Please output the data exactly, minus pictures.

(Records from a data source)
((
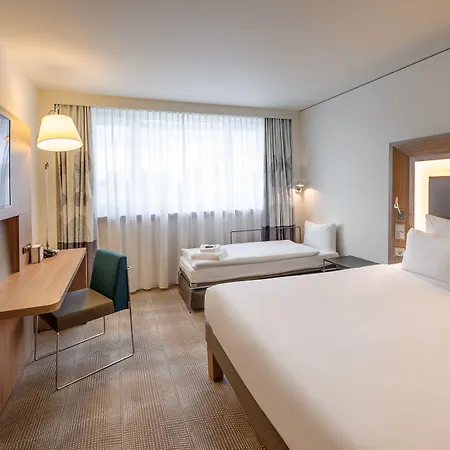 Novotel Arnulfpark 4* Munique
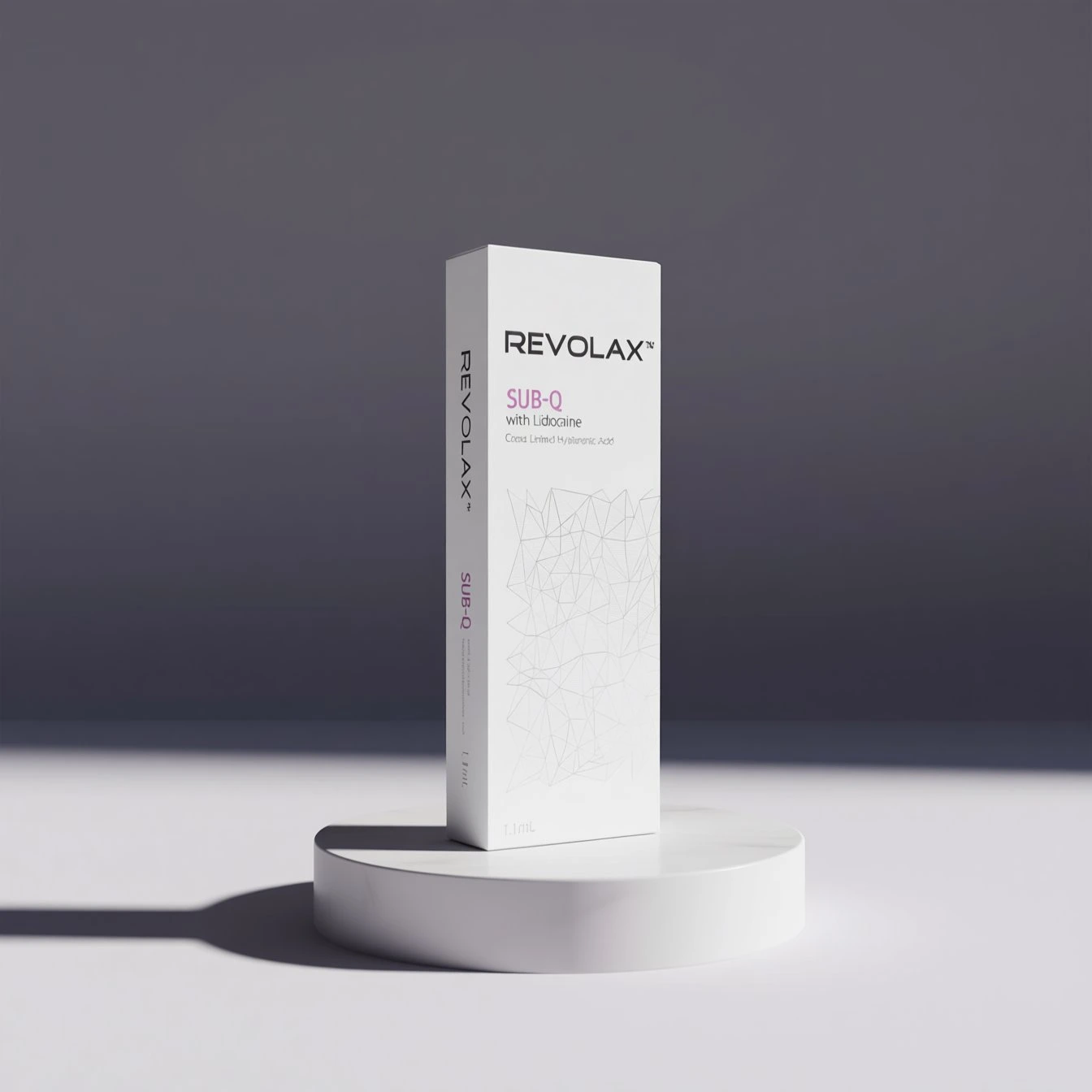 Revolax Sub Q With Lidokaine — zdjęcie 1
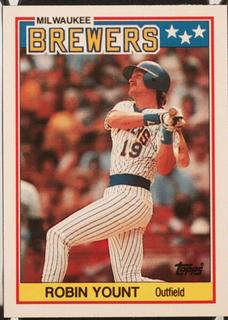 Robin Yount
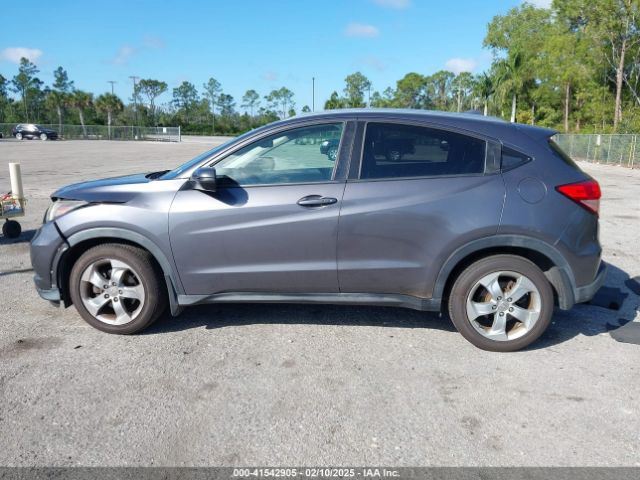 3CZRU5H73GM719223 Honda Hr-v Ex-l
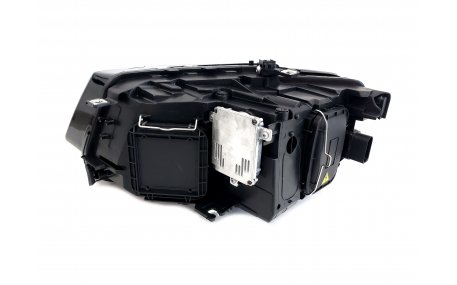 Фары передние Audi Q5 2008-2012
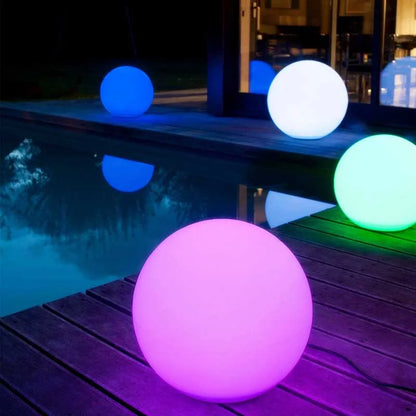 Aqua Sphere Illumination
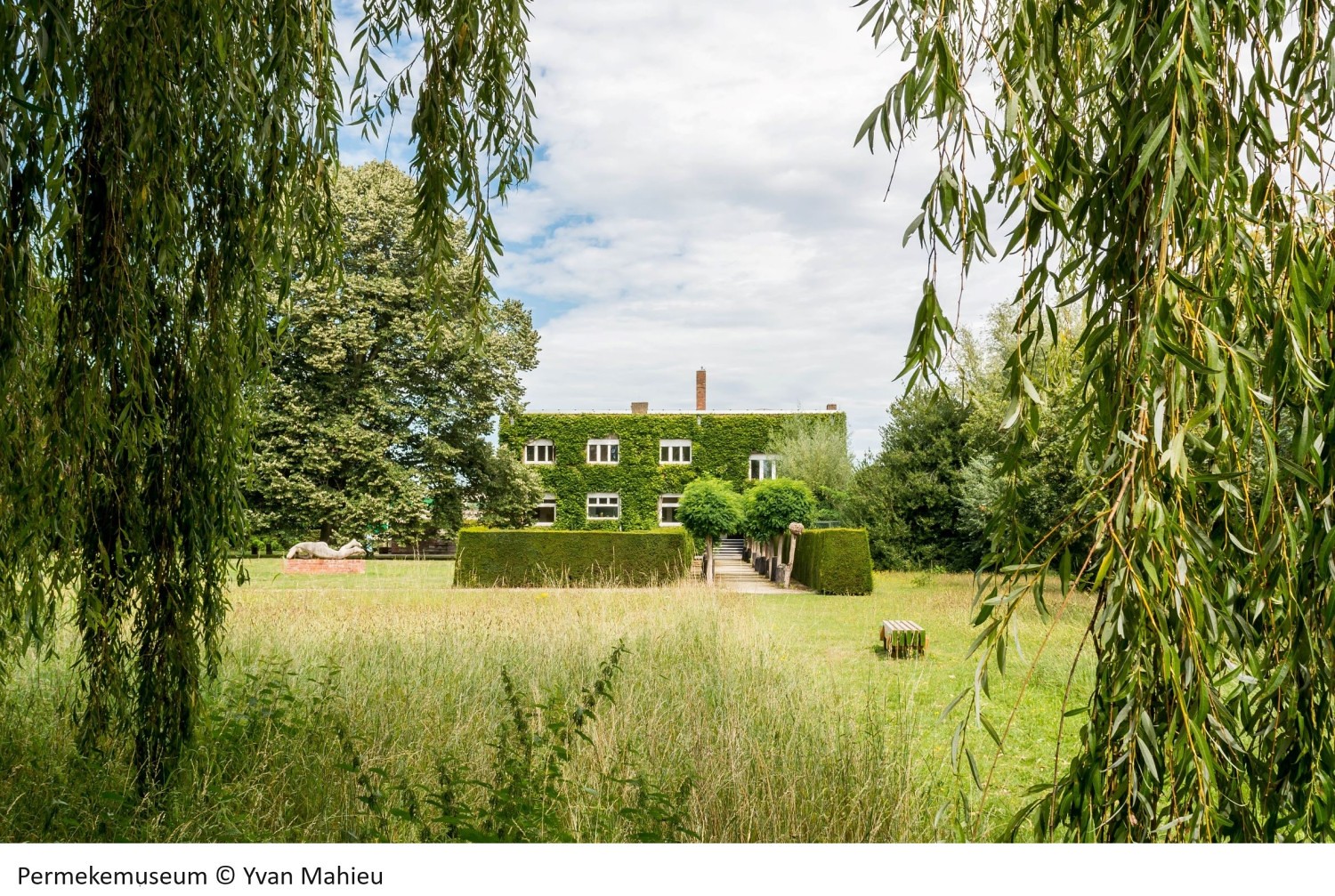 In dialoog met Permeke - museumbezoek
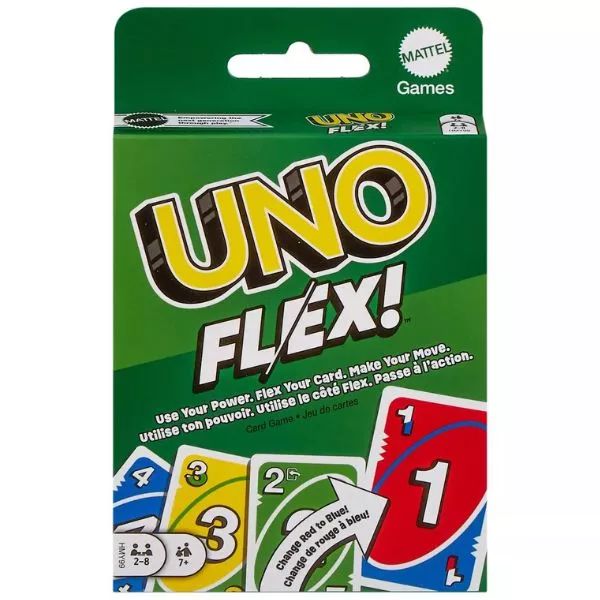 UNO: Flex! kártyajáték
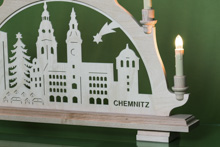 Schwibbogen Chemnitz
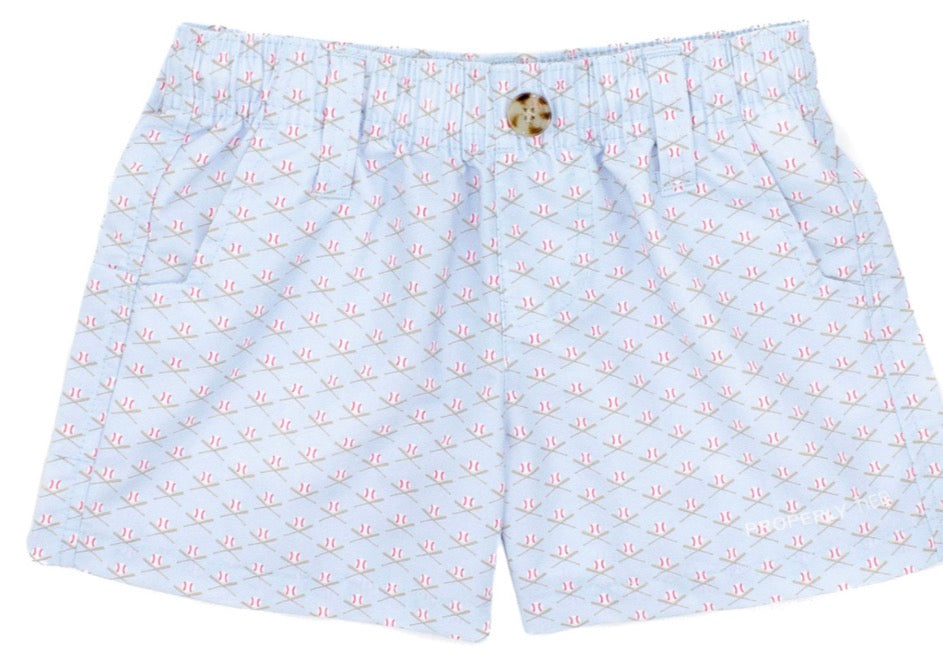 Mallard shorts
))
■ Written response
 Novotel Arnulfpark 4* Munique
 Revolax Sub Q With Lidokaine — zdjęcie 1
 Robin Yount
 3CZRU5H73GM719223 Honda Hr-v Ex-l
 Фары передние Audi Q5 2008-2012
 Aqua Sphere Illumination
 In dialoog met Permeke - museumbezoek
 UNO: Flex! kártyajáték
 Schwibbogen Chemnitz
 Mallard shorts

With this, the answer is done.